Aim of the task –
Copy the lines below word for word, skipping any image.

Exercise data –
┄┄┄┄┄┄┄┄┄┄
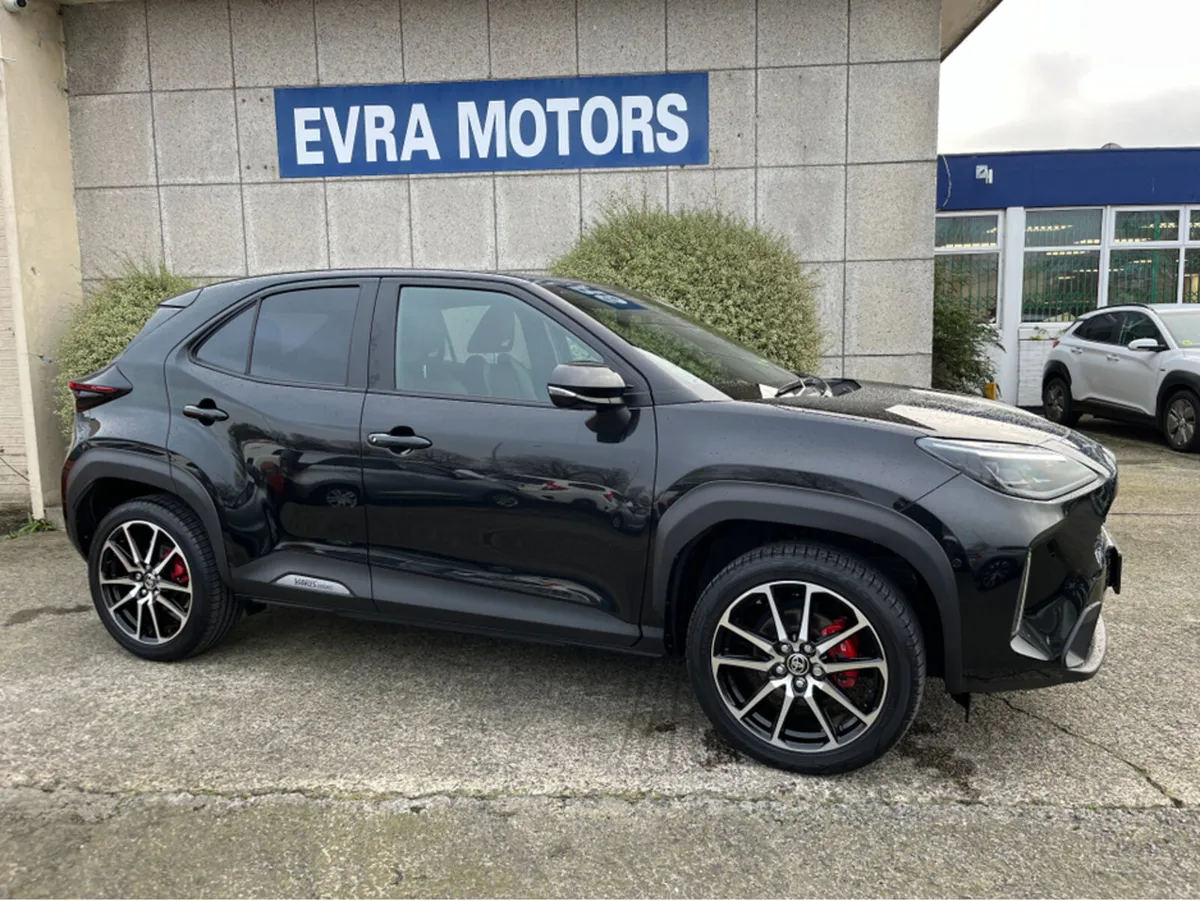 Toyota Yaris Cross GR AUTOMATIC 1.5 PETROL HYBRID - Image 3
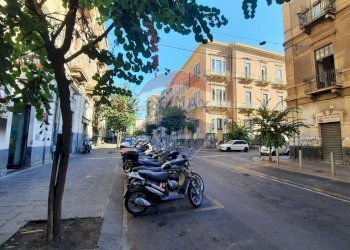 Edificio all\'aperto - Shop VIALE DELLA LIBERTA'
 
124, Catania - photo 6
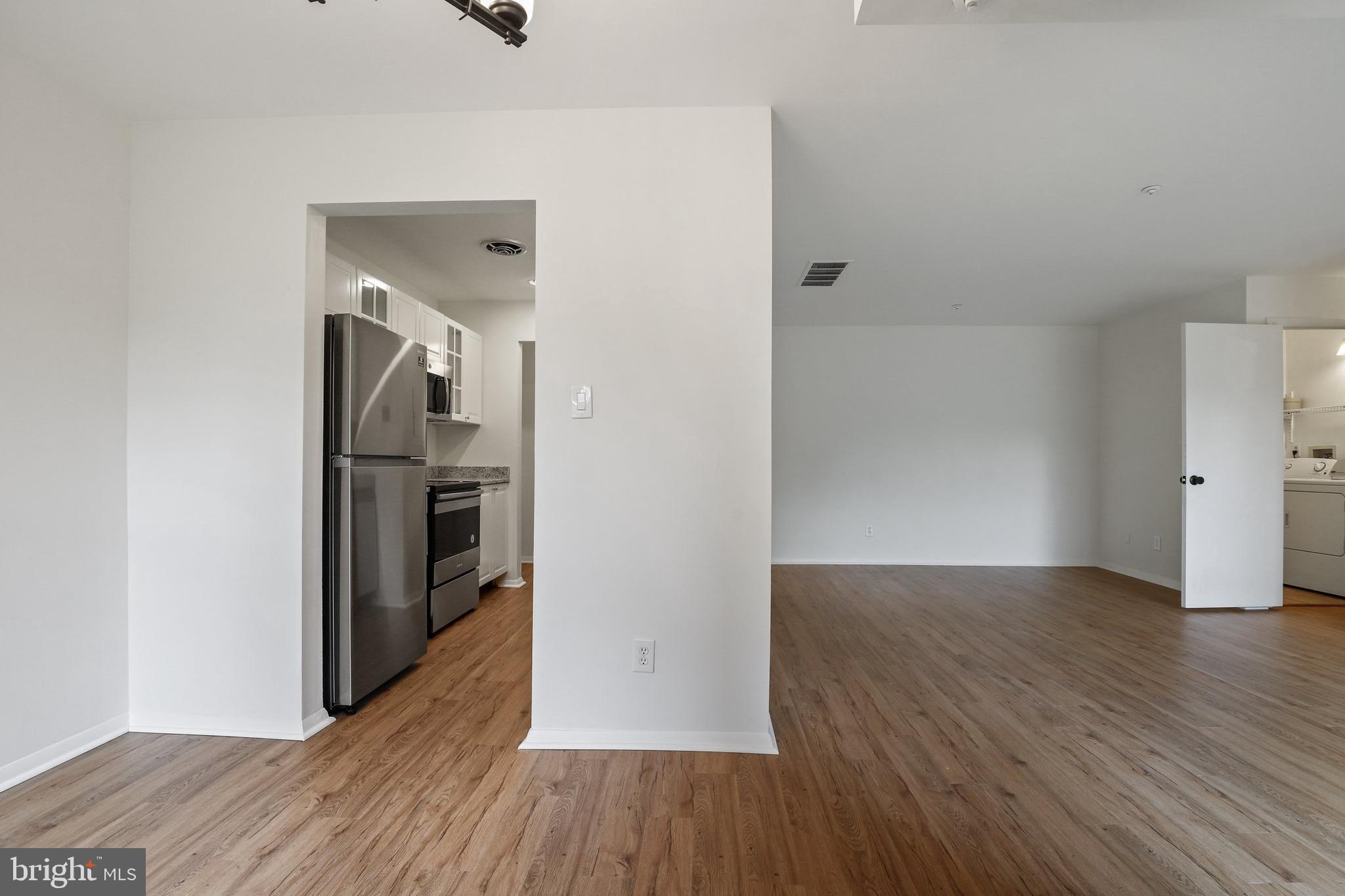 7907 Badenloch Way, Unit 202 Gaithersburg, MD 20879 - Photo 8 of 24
┄┄┄┄┄┄┄┄┄┄
Exercise answer –
 Toyota Yaris Cross GR AUTOMATIC 1.5 PETROL HYBRID - Image 3
 Edificio all\'aperto - Shop VIALE DELLA LIBERTA'
 
124, Catania - photo 6
 7907 Badenloch Way, Unit 202 Gaithersburg, MD 20879 - Photo 8 of 24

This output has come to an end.